With GPS built into just about everything, most folks don’t put much effort into land nav anymore. I’m not saying you have to get uber-geek about it, but you should be able to read a map and figure out simple things like azimuths, bearings, etc, etc. Someday you might need to leave someone a message (ideally it would be encoded) saying something like “12 U 300015.6 539714.70″ or the more cumbersome “48 41 43.07377 N 113 43 3.95584 W”. (Who is gonna be first to leave a comment telling me whats at that location?) Without at least a background in basic land nav (and perhaps a small map overlay), you’d have a hell of a time finding that on a map. More importantly, when you hide something somewhere out in the boonies…a cache, a body, a bunker…you wanna be able to tell people how to get there and nothing conveys precise locations like grid coordinates.
Be Expert with Map and Compass – This is the classic book on the subject and, really, it’s very good. It is also probably a bit overkill and intimidating for many people. No mistake, it’s an awesome book and one that should be right there in your library. I like the thoroughness of it, but it can be kind of daunting…it’s the War and Peace of land nav. However, you should have it because you can always learn just what you need at the moment and then come back later and learn more.
Map Reading and Land Navigation: FM 3-25.26 – I don’t come across many military maps but it’s still good information to have. Much of the information is fairly dated, which means if you’re just planning on navigating with a simple magnetic compass and maybe a protractor, then this is a great book to have. I don’t know if there’s a more modern version that covers GPS systems, but still, this book is a good one to have as well.
Compass & Map Navigator – This is actually my favorite book, which is kinda odd since this book is sort of a ‘Fisher-Price’ version of the previous two.
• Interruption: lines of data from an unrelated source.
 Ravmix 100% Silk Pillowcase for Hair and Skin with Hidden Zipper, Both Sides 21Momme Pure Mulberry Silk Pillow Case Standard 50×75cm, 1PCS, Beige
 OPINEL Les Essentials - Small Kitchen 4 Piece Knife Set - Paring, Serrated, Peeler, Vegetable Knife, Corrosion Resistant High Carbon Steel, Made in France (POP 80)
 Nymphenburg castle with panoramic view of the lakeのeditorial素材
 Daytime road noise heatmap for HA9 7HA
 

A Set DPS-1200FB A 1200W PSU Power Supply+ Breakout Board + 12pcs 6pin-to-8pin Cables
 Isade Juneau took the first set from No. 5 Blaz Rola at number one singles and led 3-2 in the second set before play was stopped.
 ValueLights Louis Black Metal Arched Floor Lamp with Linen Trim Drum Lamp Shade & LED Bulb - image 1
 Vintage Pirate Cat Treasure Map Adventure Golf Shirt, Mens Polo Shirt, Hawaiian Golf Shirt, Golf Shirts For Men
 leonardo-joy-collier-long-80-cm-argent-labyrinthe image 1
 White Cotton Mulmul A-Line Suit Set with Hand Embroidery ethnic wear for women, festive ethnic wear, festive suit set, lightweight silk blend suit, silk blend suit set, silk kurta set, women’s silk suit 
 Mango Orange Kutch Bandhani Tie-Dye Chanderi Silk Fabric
However, it is terrifically illustrated, concise, and explains things quite well.
Although these aren’t books, they sorta segue in there. There are plastic overlays for use with regular topo maps and UTM coordinates. This is the one I use: Improved Military UTM/MGRS Reader & Protractor “Super GTA”. These things are awesome. When using the UTM system it lets you locate positions on a map down to the meter, although I usually just go down to a 10m^2 level of detail. If you havent used the UTM system, it’s wonderfully simple and since it uses regular numbers instead of degrees, minutes, and seconds, it allows easier calculations. My favorite example is finding the distance between two points on a map – point A and point B. With UTM you find the difference between the two axes, slap on a little pythagorean theorem and – presto- theres your distance. Good luck doing that with longitude and lattitude.